We do not stop to consider whether any question of construction properly can be said to have been raised, rather than a question of general law in the application of words that were colorless so far as the point in controversy was concerned. It might not be just to assume that the general averment of the application was not justified by exceptions more clearly turning on the construction of the local laws than the example given in the brief. The ground on which the writ was refused by the Court of Appeals was that the words quoted from § 250 should not be construed to apply to the purely local laws of the District, and with that view we agree.
Of course, there is no doubt that the special act of Congress was, in one sense, a law of the United States. It well may be that it would fall within the meaning of the same words in the third clause of the same section: "cases involving the constitutionality of any law of the United States." Parsons v. District of Columbia, 170 U. S. 45. But it needs no authority to show that the same phrase may have different meanings in different connections.

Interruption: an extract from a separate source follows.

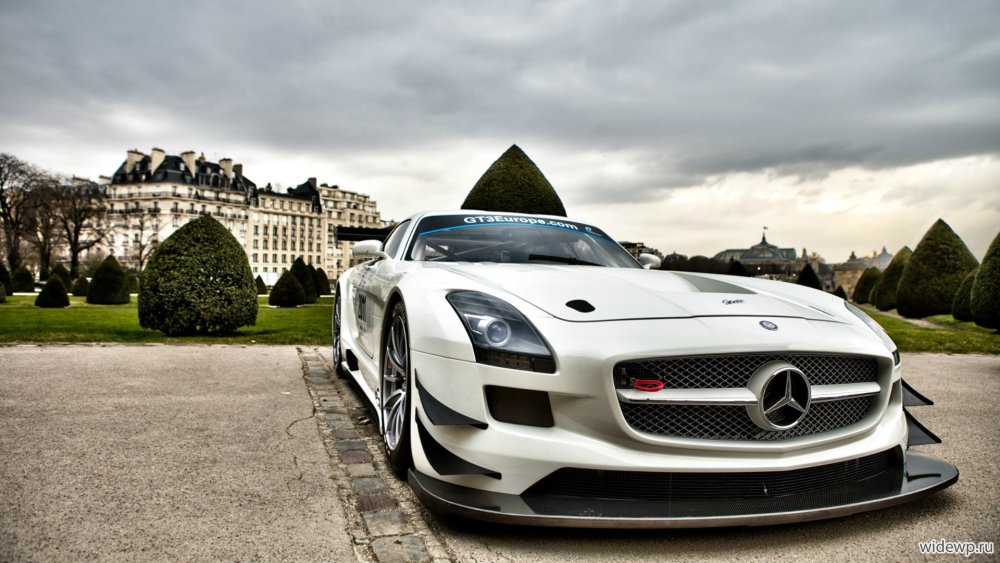 Додж Челленджер неон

Some reasons for strict construction apply here. We are entirely convinced that Congress intended to effect a substantial relief to this Court from indiscriminate appeals where a sum above $5,000 was involved, and to that end repealed the former act. See Carey v. Houston & Texas Central Ry. Co., 150 U. S. 170, 150 U. S. 179; Cochran v. Montgomery County, 199 U. S. 260, 199 U. S. 272-273. But all cases in the District arise under acts of Congress, and probably it would require little ingenuity to raise a question of construction in almost any one of them. If, then, the words have the meaning given them by the applicants, the appellate jurisdiction of this Court has been largely and irrationally increased. We believe Congress meant no such result.
A well known example of construing a statute not to include a case that indisputably was within its literal meaning, but was believed not to be within the aim of Congress, is Church of the Holy Trinity v. United States, 143 U. S. 457; we may refer further to Cochran v. Montgomery County, ubi supra. In the case at bar, if the words "construction of any law of the United States" are confined to the construction of laws having general application throughout the United States, the jurisdiction given to this Court by § 250 is confined to what naturally and properly belongs to it. If they are construed the other way, it would have been less arbitrary to provide that every question of law could be taken up. That they were not to be understood as the applicants contend is to be inferred not only from the sense of the thing, but from clause first: "In cases where the jurisdiction of the trial court is in issue," with provision for certifying that question alone. It is difficult to imagine a case in which the jurisdiction of the trial court is in issue where the construction of a special law of the United States would not be drawn in question.